Start of Block

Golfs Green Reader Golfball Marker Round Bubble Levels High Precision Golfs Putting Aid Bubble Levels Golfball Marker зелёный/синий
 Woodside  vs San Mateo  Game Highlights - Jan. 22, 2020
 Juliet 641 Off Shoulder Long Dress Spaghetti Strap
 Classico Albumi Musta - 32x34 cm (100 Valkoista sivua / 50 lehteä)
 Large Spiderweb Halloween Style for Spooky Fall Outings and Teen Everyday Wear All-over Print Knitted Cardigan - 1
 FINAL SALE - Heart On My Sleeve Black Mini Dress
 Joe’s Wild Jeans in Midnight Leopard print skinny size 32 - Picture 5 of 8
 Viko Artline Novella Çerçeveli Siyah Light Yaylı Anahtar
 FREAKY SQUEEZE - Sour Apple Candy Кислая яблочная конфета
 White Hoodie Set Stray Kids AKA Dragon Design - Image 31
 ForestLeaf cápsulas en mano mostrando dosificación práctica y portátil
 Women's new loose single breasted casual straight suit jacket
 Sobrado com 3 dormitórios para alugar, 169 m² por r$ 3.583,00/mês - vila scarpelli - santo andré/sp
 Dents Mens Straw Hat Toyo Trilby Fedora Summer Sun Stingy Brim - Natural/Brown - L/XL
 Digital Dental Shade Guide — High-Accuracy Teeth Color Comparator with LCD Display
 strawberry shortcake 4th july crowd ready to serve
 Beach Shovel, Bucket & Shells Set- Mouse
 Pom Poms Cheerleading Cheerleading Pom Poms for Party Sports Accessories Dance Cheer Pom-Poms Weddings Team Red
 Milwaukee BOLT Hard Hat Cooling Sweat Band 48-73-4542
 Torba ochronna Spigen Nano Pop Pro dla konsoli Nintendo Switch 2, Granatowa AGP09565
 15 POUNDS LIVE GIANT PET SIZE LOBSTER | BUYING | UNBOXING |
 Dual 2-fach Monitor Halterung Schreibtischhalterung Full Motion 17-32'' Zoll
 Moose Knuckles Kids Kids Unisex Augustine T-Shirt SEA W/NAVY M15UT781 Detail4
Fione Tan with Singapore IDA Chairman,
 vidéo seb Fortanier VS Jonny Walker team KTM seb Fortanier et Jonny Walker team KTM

End of Block

■ **Work item**: Report every line of the data above that contains the string "with" by copying it in full.

■ **Finished exercise**:
 Digital Dental Shade Guide — High-Accuracy Teeth Color Comparator with LCD Display
Fione Tan with Singapore IDA Chairman,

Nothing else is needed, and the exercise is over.